One of the devastating developments in our nation’s modern addiction epidemic has been the rise of methamphetamine, and with it, the rise of meth labs. Although methamphetamine trafficking from other countries is still an issue, most of our country’s meth supply is produced locally.

The statistics about meth labs in the United States are pretty staggering. Although the number or labs that are found and busted by law enforcement has gone down slightly over recent years, the numbers are still drastically higher than they were two decades ago. The Drug Enforcement Administration reported 9,338 labs found in 2014, 12,050 in 2013, 13,441 in 2012, 13,423 in 2011, and 15,220 in 2010.

Meth Labs: A Community Health Hazard

Many people are familiar to some degree with the devastation that methamphetamine addiction can wreak on a person’s health and life, but not many fully understand the dangers that a meth lab can pose to a community. Even once a lab is busted, it can be very dangerous and expensive to clean the lab. Chemical waste from meth labs tends to get dumped into the ground, nearby lakes or rivers, forests or fields. This waste can include battery acid, toxic waste, solvents, and acidic chemicals, all of which are a biohazard for humans, wildlife, and the environment.
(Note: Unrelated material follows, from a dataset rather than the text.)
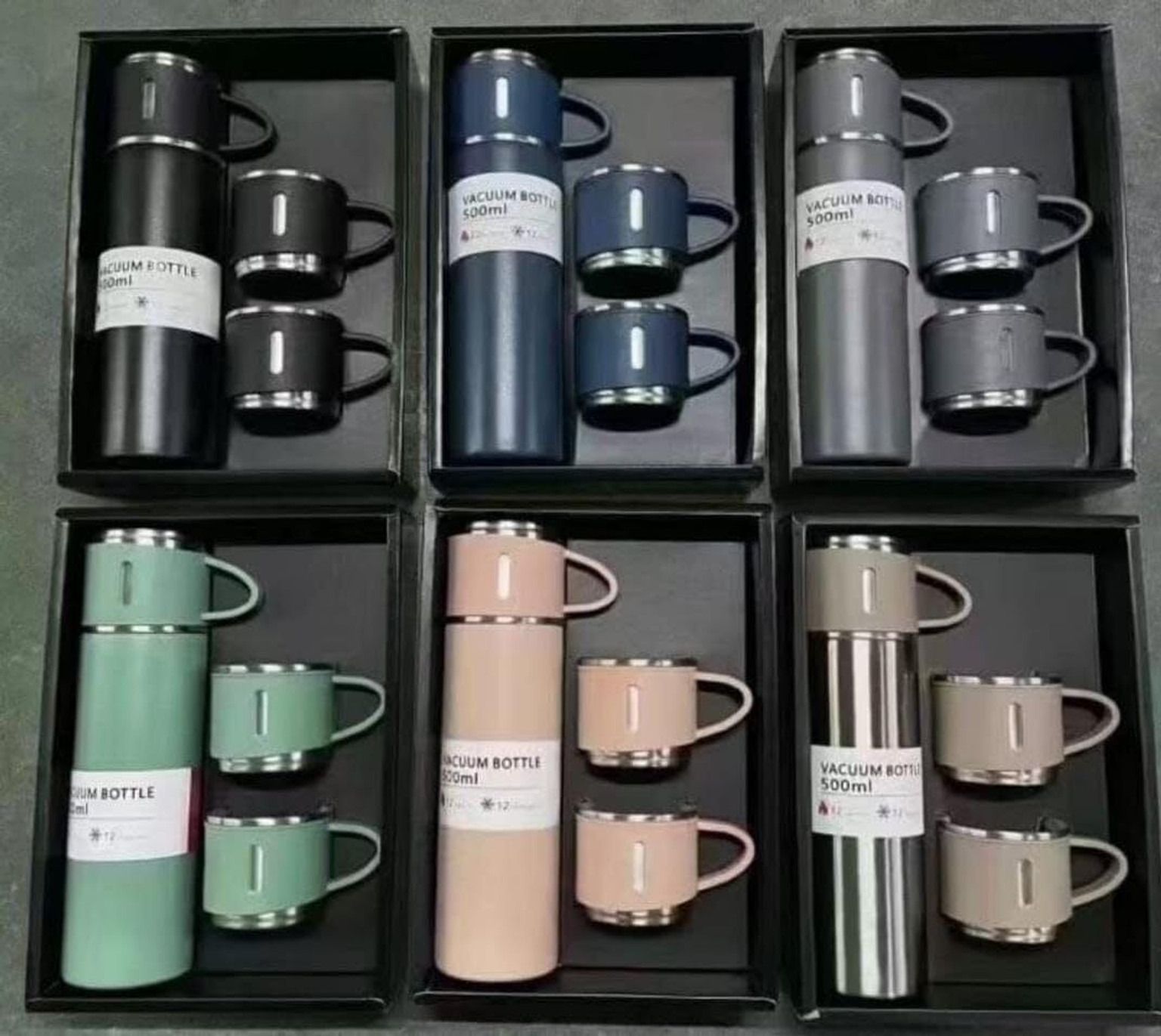 Multi Color Stainless Steel Vacuum Flask with 3 Cups | Hot &Cold| 500 ml 500 ml Stainless Steel, Steel Bottle With Drinking Glass-image-13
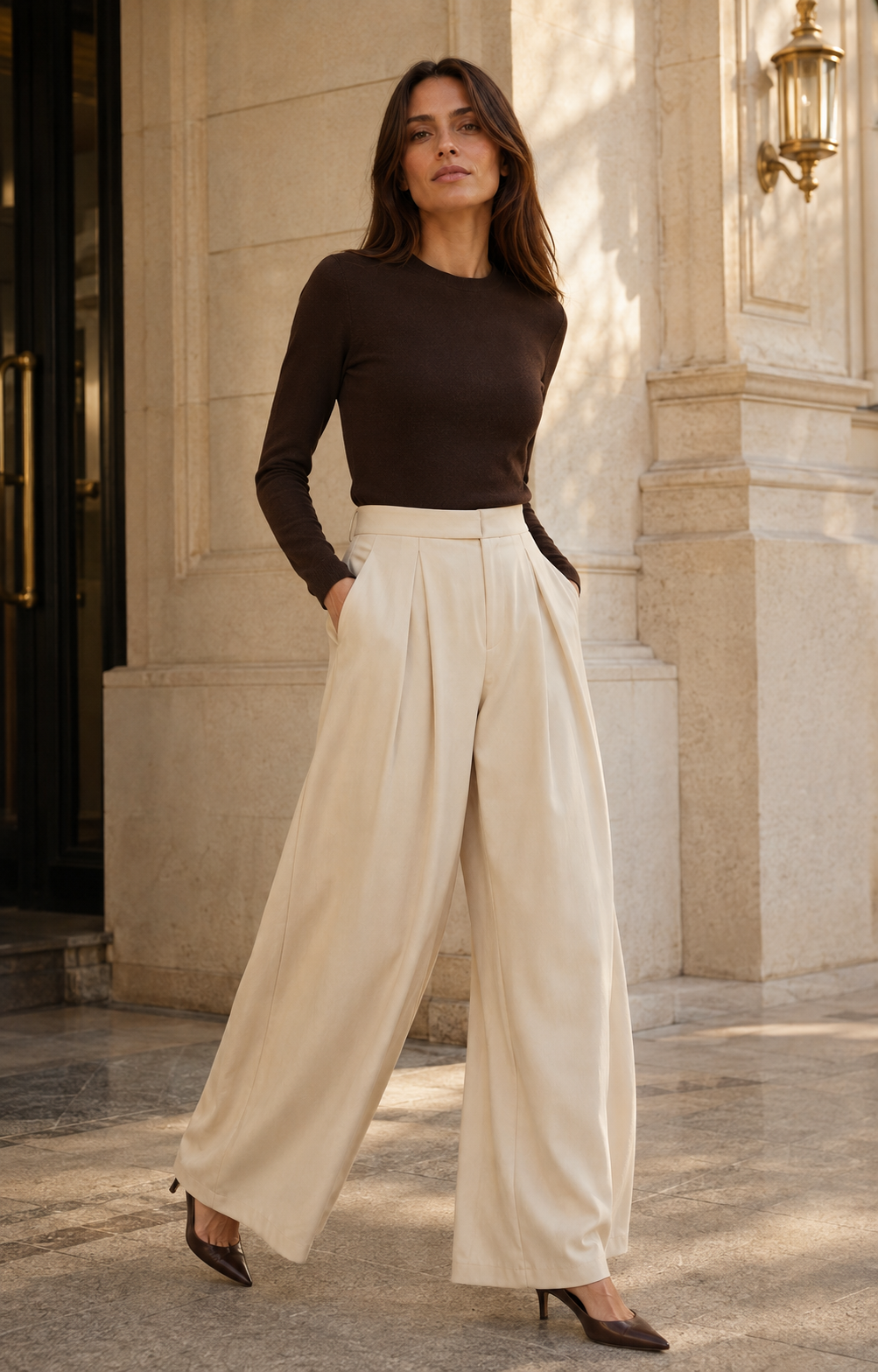 Pantalon large à pinces ivoire Alma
The United States Department of Agriculture reports that making a pound of meth results in six pounds of toxic waste, that is very rarely safely disposed of. This waste can cause permanent damage to the area the meth lab was in. Even with the most sophisticated remediation, former meth labs sites are known to be toxic still months later. Chemicals can be corrosive, explosive, toxic, flammable and even radioactive, and can completely wipe out the local ecosystem.

Side Effects of Meth

The toxicity of the waste produced by cooking meth should give some indication about how dangerous it truly is. Meth acts on the body’s central nervous system, causing hyperstimulation which produces excessive quantities of neurotoxins. These chemicals completely overload the brain, and can cause key brain functions to degrade over time. This can result in psychosis and a number of other mental and physical health consequences. Side effects of meth include respiratory damage, cardiovascular issues, tooth decay, gum disease and even death.

Lack of Treatment Options Contributes to Meth Abuse

There is a strong connection between an area having a high prevalence of meth abuse with that area also lacking sufficient addiction treatment centers. This effect exists on a county and even state level. If people, especially young people, don’t have adequate options to seek treatment, they will most likely just keep on using. The Drug Enforcement Administration reports that areas that are typically most affected by meth are large, rural counties with lower economic status.

Other drugs may be prevalent in urban or suburban areas, but meth and meth labs are almost always found in lower-class or poverty stricken rural areas that then to have very little access to treatment.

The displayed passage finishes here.